The material had been seized and burned at the instigation of the New York Society for the Suppression of Vice (see October 3, 1915), the anti-obscenity organization founded by Anthony Comstock, author of the infamous Comstock Act (enacted on March 3, 1873). The burned material included 476 books, 11,450 magazines, and about 100,000 pamphlets. Not all of the burned books were confiscated because of sex-related themes. Fifteen copies of the book The Man in the Monkey Suit were seized and burned because it presented policemen in “an unfavorable light.”

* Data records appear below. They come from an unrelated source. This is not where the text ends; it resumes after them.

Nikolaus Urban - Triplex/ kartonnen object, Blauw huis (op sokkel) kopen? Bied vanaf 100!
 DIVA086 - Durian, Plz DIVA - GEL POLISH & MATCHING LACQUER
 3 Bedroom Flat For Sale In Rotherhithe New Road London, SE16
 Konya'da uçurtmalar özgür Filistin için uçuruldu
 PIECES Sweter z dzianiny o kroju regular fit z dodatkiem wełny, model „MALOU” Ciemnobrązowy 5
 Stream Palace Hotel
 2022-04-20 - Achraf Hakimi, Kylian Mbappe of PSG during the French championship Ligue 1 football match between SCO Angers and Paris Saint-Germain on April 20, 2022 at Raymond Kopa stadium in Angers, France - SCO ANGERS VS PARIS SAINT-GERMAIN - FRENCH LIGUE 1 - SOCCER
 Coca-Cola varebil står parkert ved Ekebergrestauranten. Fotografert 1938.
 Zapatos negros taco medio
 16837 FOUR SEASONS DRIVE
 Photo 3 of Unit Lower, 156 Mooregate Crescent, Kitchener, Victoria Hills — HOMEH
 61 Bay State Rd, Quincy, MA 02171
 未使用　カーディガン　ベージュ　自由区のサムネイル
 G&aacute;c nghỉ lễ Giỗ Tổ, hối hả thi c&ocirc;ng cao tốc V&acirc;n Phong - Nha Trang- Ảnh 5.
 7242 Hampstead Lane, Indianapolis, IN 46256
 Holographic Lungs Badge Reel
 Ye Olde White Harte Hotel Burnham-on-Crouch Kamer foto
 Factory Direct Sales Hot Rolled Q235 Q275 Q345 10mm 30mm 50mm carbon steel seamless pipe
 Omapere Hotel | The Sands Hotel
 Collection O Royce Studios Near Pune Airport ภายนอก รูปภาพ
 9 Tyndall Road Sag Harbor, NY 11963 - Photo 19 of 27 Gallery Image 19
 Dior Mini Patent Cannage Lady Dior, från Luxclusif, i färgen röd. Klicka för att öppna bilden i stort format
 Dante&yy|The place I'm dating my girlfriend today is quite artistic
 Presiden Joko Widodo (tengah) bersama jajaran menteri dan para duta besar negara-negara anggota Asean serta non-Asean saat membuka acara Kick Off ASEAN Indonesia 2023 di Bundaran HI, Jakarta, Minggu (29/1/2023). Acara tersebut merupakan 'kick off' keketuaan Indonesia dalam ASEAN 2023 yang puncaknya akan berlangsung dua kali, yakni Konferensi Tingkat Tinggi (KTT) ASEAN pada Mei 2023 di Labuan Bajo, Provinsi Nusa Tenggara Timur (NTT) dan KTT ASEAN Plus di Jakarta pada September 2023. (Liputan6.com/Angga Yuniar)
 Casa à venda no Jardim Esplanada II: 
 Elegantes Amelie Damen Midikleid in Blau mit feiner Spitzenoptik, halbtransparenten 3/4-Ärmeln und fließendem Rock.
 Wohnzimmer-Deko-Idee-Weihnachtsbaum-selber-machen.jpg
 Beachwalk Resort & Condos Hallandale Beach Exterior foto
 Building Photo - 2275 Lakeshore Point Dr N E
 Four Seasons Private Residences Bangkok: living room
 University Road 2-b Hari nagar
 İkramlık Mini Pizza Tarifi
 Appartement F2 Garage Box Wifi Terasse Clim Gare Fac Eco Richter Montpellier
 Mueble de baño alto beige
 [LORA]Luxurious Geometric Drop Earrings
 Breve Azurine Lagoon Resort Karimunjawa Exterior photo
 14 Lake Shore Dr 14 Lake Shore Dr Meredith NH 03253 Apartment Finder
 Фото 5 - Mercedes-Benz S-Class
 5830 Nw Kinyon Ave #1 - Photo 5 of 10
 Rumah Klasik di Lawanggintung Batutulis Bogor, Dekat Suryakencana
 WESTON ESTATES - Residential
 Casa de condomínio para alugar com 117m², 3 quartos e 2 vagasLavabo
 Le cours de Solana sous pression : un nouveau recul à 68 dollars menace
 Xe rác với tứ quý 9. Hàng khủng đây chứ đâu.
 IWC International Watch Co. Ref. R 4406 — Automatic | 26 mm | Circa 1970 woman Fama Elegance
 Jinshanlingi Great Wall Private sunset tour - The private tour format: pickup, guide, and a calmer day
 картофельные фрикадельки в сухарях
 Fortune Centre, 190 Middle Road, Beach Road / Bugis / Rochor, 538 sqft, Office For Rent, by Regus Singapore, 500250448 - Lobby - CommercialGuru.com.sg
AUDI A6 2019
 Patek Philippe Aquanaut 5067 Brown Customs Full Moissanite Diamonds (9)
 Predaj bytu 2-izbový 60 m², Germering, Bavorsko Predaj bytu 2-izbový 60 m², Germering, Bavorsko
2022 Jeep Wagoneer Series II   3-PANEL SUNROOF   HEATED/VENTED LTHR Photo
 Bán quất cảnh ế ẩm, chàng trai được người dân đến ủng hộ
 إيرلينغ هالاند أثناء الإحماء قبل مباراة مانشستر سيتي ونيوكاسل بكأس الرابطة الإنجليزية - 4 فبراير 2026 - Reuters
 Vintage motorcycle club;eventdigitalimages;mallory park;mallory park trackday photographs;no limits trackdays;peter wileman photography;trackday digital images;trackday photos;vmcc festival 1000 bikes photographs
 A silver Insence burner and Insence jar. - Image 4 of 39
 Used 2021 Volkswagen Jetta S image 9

The burning of the books took place despite the publicity surrounding the burning of “offensive” books by the new Nazi regime in Germany over the previous year and a half. And incredibly, U.S. authorities burned books after World War II. See, for example, the burning of comic books by a Catholic Church on December 10, 1948, the burning of books in Newark, New Jersey, on March 7, 1953, and the burning of Kurt Vonnegut’s famous novel Slaughterhouse Five in North Dakota on November 10, 1973.
Read: Haig A Bosmajian, Burning Books (2006)
Learn more about Nazi book burning: http://www.ushmm.org/wlc/en/article.php?ModuleId=10005852
Read about the history of book censorship: Paul S. Boyer, Purity in Print: Book Censorship in America (1968)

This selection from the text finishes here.